Well, to be precise, and more appropriate – courts are – or maybe even more directly, lets put the onus where it needs to go – the judges and ones who preside over the courts are.
Please don’t take this lightly.
We highly respect what the courts used to be.
This has come about through sheer frustration of what is happening in our courts. Not from today, yesterday, last week, or last months, but years. And it’s only getting worse.
Frustration from victims, frustration from police – frustration from society.
And yet not a damn thing is being done about it.
Nothing – zip. People get charged with serious crimes – they get bail and sometimes are charged again. Worse than that, they are released again.

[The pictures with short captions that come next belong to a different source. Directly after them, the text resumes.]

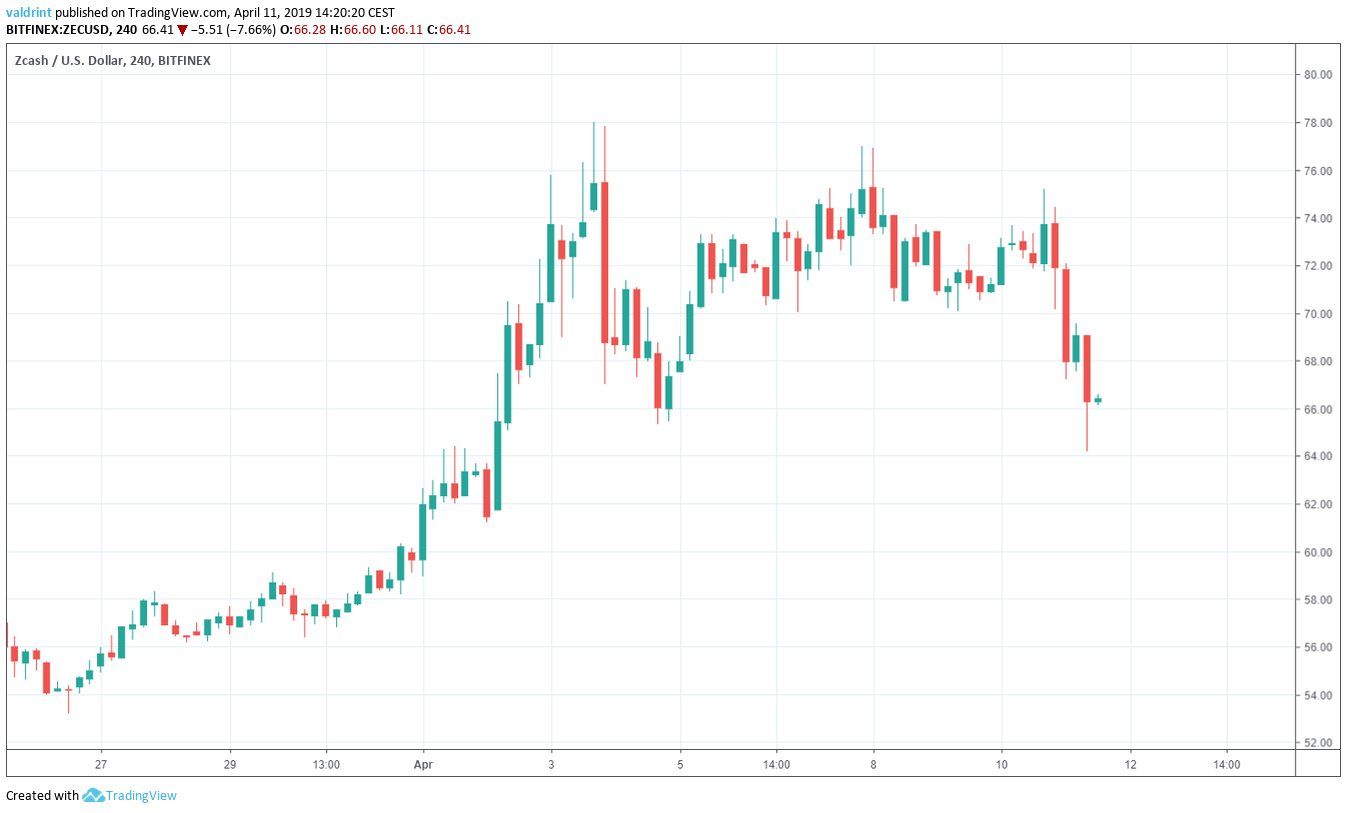 ZEC Market Outlook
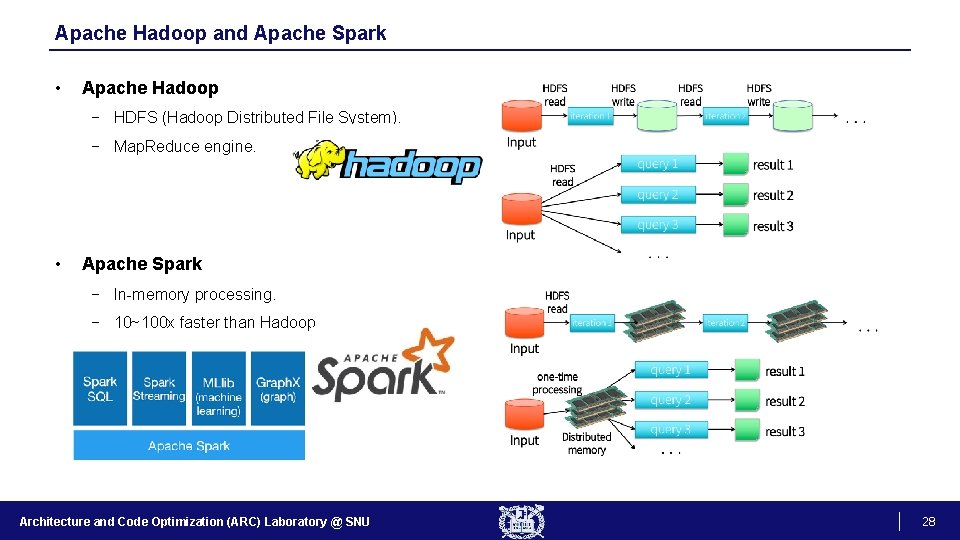 Apache Hadoop and Apache Spark • Apache Hadoop − HDFS (Hadoop Distributed File System).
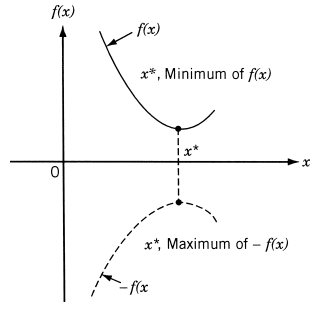 Minimizing \(f(x)\) is
equivalent to maximizing \(-f(x)\).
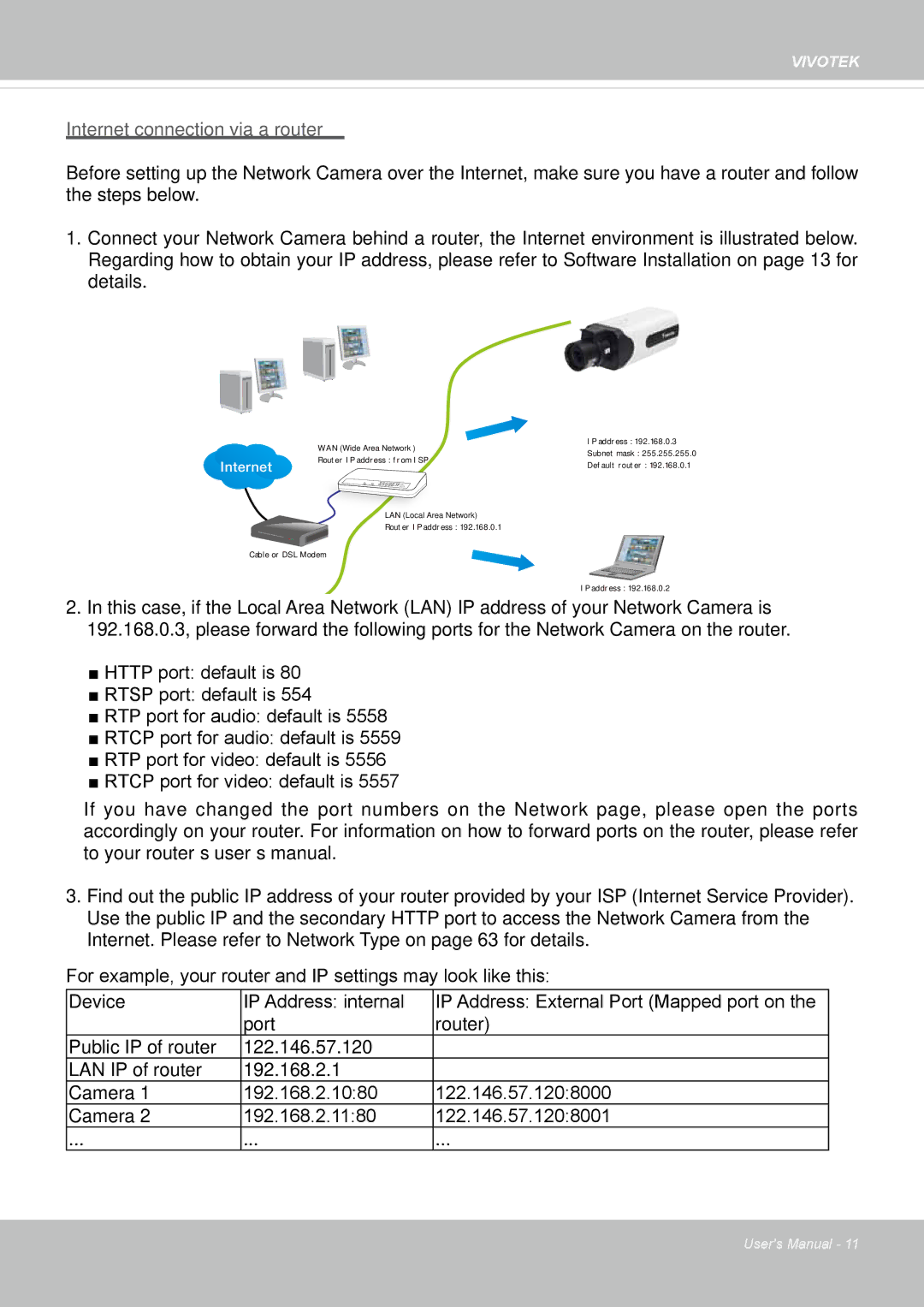 Vivotek 65HP, IP8155 user manual Internet connection via a router 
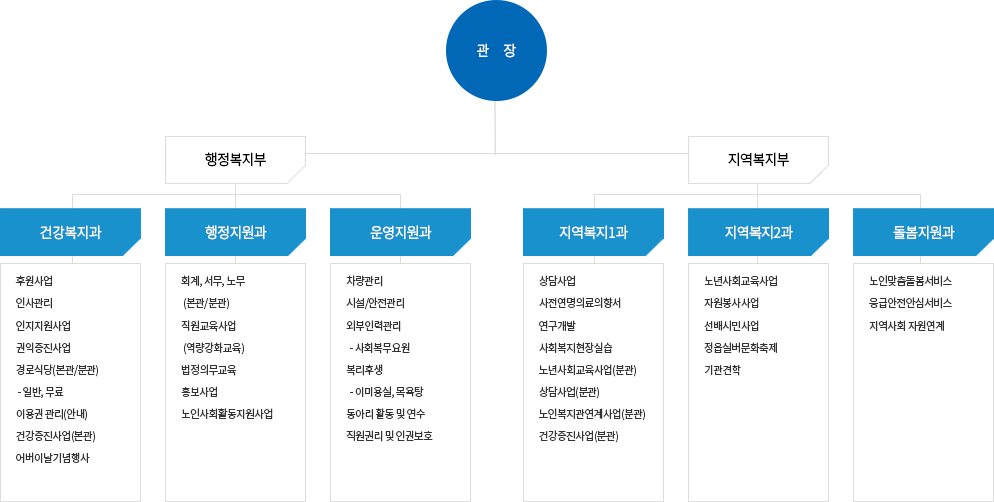 조직도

There is no meaningful sentencing.
Examples are given daily regarding the failures of our court system.
But lets take a local example for instance.
And please be clear, all charges have not been proven in court. As in none – zip.
So this is just from the press releases we have received this information.
On October 12, 2022 Cobourg Police conducted a traffic stop on a vehicle that the person of interest was operating. A person was arrested without incident on Division Street. Police seized $7,500 in Canadian currency and drugs with an estimated street value of $41,850.
23 grams of suspected Fentanyl
255 grams of suspected Cocaine
14 grams of suspected Heroin
15 grams of suspected Crystal Methamphetamine
The 25-year-old person was charged with seven criminal offences in relation to the seizure and was held for a bail hearing on October 12, 2022.
Bad enough right?
Hold your breath.
Four days later, the same person is charged with similar offences during a traffic stop in Cobourg.
It was approximately 9:50 p.m. on Sunday, October 16, 2022 that Cobourg Police on general patrol, “observed an individual known to be on a court-ordered release with strict conditions, driving a vehicle on University Avenue East.”
Police initiated a traffic stop for a “compliance” check.
The person was not complying with the condition of her curfew and was arrested.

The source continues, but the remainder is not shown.